In 2011, his first season with the Utes, he played in five games as a safety before suffering an injury during the Arizona State game that forced him to miss the rest of the season. He missed the entire 2012 NCAA season due to lengthy, ongoing rehab of his shoulder surgery. As a senior, he started all 12 games at cornerback, amassing 37 total tackles, with 12 pass break ups and an interception returned for a touchdown, and was named an honorable mention All-Pac-12 Conference selection.

==Professional career==

McGill was selected by the Oakland Raiders in the fourth round, 116th overall, of the 2014 NFL draft. On December 27, 2014, McGill scored his first career touchdown against the Denver Broncos on an 18-yard fumble return.
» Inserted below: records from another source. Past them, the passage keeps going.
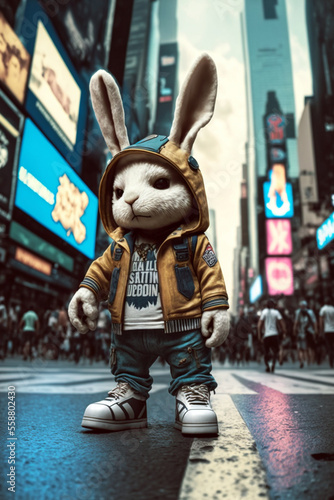 white rabbit in the city generative AI
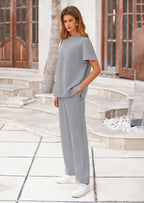 PRETTYGARDEN 2 Piece Outfits For Women Casual Tracksuit Short Sleeve Tops And Wide Leg Long Pants Matching Lounge Sets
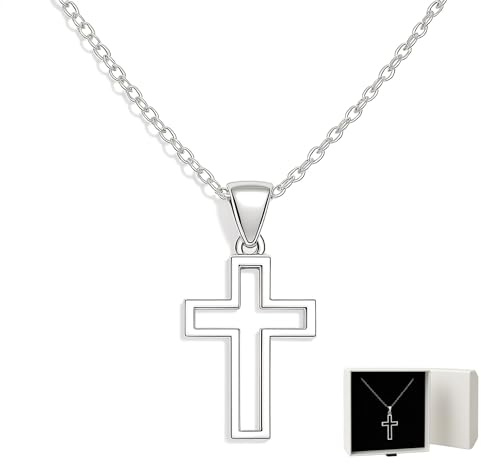 MARIMARSTORE Kvinnor Kors Hängsmycke Kedja 45 cm - Tro Halsband i Rostfritt Stål - Originalgåva med betydelse till mamma, flickvän eller vän - Ingen allergi, ingen rost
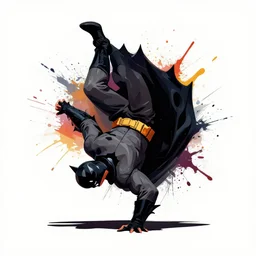 vector art of batman breakdancing, splatter paint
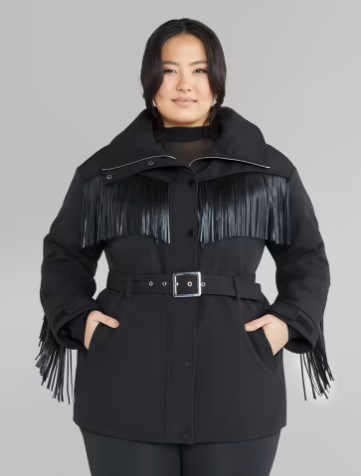 black plus size skiing jacket with fringe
McGill signed with the Salt Lake Stallions of the Alliance of American Football for the 2019 season.

Pre-draft measurables
| Height | Weight | Arm length | Hand span | 40-yard dash | 10-yard split | 20-yard split | 20-yard shuttle | Three-cone drill | Vertical jump | Broad jump | Bench press |
| 6 ft 3 in (1.91 m) | 211 lb (96 kg) | 33+1⁄4 in (0.84 m) | 10+1⁄4 in (0.26 m) | 4.51 s | 1.60 s | 2.71 s | 4.13 s | 6.90 s | 39.0 in (0.99 m) | 10 ft 6 in (3.20 m) | 12 reps |
Vertical jump result from NFL Combine. Other values from Pro Day workout.